» **What the task requires**: Leave out the pictures, and copy exactly the lines from the line with "Pronájem bytu 1+kk, Kladno, Holandská, 38 m2" through the last line of the data below.

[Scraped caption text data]
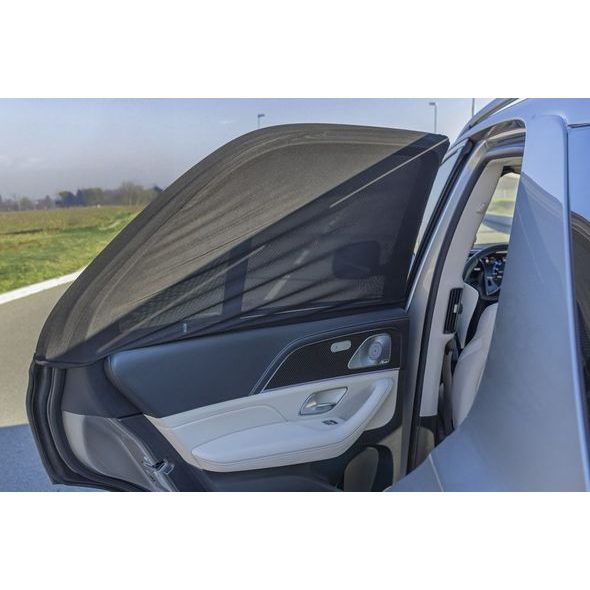 ZOPA SLUNEČNÍ CLONA DO AUTA NASUNOVACÍ L - SLUNEČNÍ ROLETY A CLONY - AUTOSEDAČKY A PŘÍSLUŠENSTVÍ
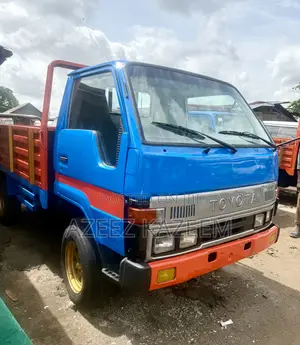 Toyota Dyna 150 Old Model Registered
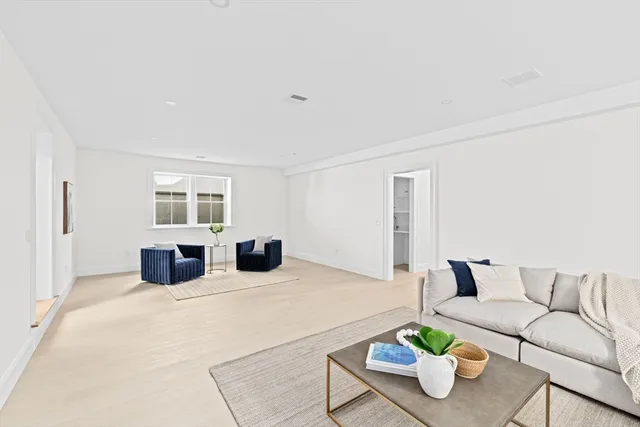 $3,749,000 | 15 Glenland Road, Brookline, MA 02467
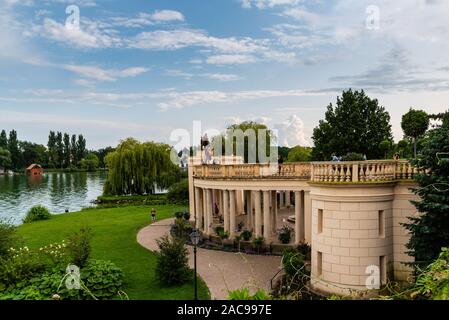 Schwerin, Germania - 2 Agosto 2019: Castello di Schwerin, una delle opere più importanti di romantica dello storicismo in Europa Foto Stock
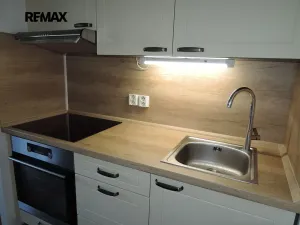Pronájem bytu 1+kk, Kladno, Holandská, 38 m2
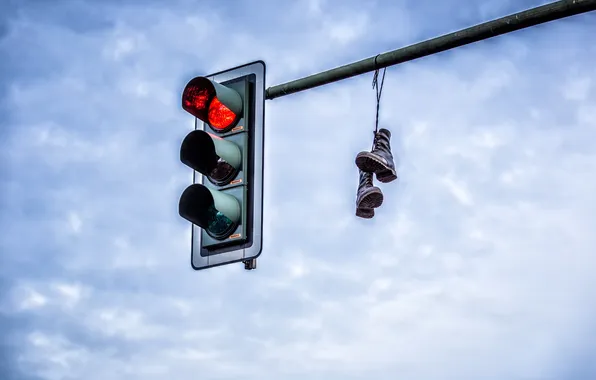The sky, shoes, traffic light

» **Solution to this exercise**:
Pronájem bytu 1+kk, Kladno, Holandská, 38 m2
The sky, shoes, traffic light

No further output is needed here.